Nobel laureate Garcia Marquez dies at 87
MEXICO CITY — Gabriel Garcia Marquez, widely considered the most important Spanishlanguage writer since Miguel de Cervantes in the 17th century, died at home in Mexico City on Thursday. He was 87.
The Mexican government said Garcia Marquez died at 2 p.m. A gray hearse escorted by dozens of police vehicles left the author’s home about three hours later.
A journalist first who turned to fiction writing later and won the Nobel Prize for Literature, the Colombian native achieved a level of literary celebrity that spawned comparisons to Mark Twain and Charles Dickens. Widely known as “Gabo,” he became a hero to the left as an early ally of Fidel Castro and a critic of Washington’s interventions from Vietnam to Chile.

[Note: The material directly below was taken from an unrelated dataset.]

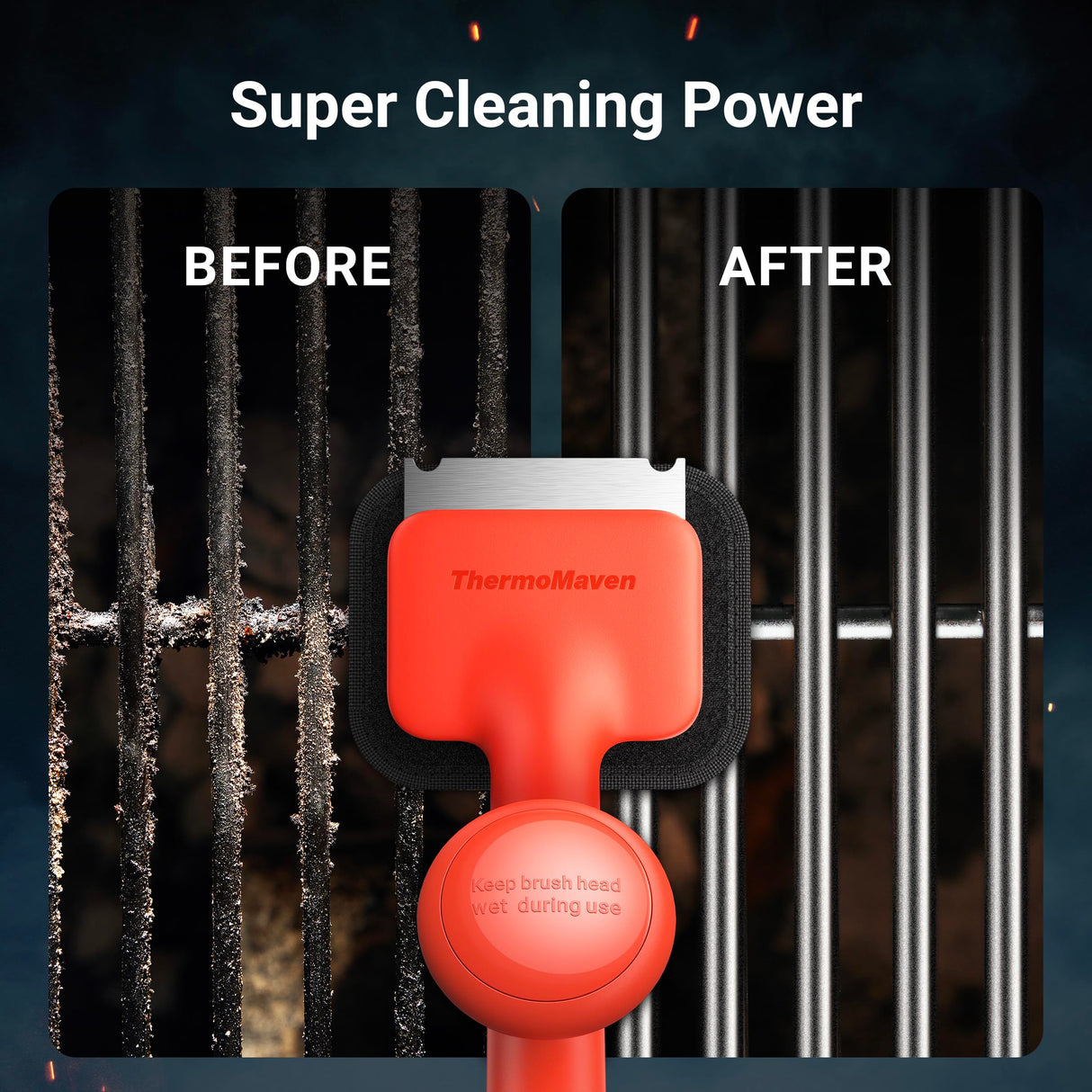 ThermoMaven BBQ Grill Brush Bristle Free - 17" Safe Steam Grill Cleaner Brush with Scraper and 3 Brush Heads for Porcelain/Gas/Charcoal Grill Outdoor Grill Barbecue Cleaner ThermoMaven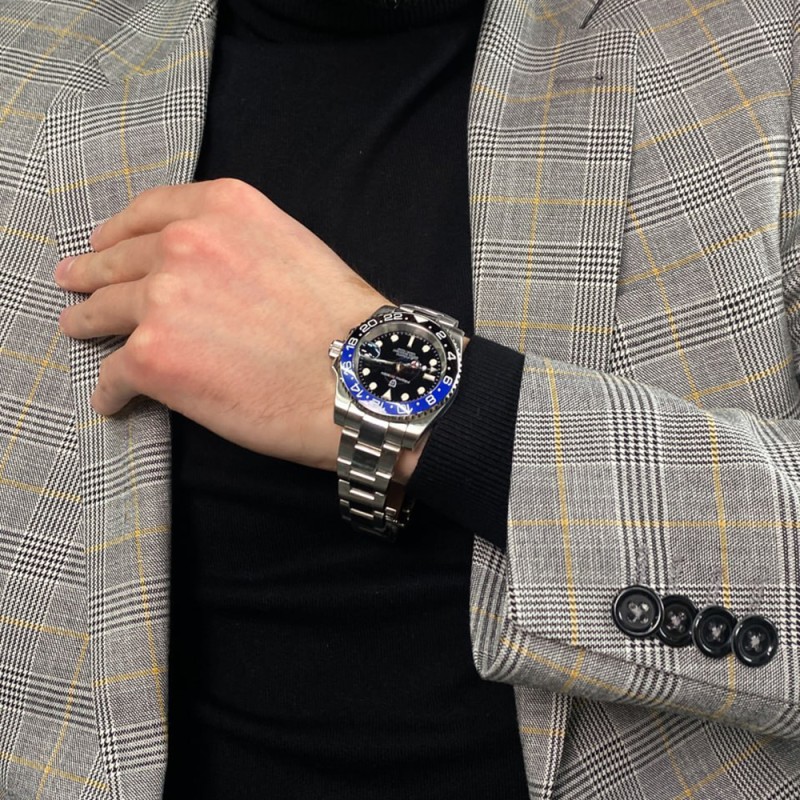 Мужские механические часы Pagani Design PD-1662 Silver-Blue-Black с GMT и сапфировым стеклом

His flamboyant and melancholy fictional works, including “Chronicle of a Death Foretold,” “Love in the Time of Cholera” and “Autumn of the Patriarch,” outsold everything published in Spanish except the Bible.
The epic 1967 novel “One Hundred Years of Solitude” sold more than 50 million copies in more than 25 languages.
The first sentence of One Hundred Years of Solitude has become a famous opening line: “Many years later, as he faced the firing squad, Colonel Aureliano Buendia was to remember that distant afternoon when his father took him to discover ice.”
He was literature’s leading practitioner of magical realism, the fictional blending of the everyday with fantastical elements such as a man trailed by a cloud of yellow butterflies.
Accepting the Nobel in 1982, he described Latin America as a “source of insatiable creativity, full of sorrow and beauty, of which this roving and nostalgic Colombian is but one cipher more, singled out by fortune.”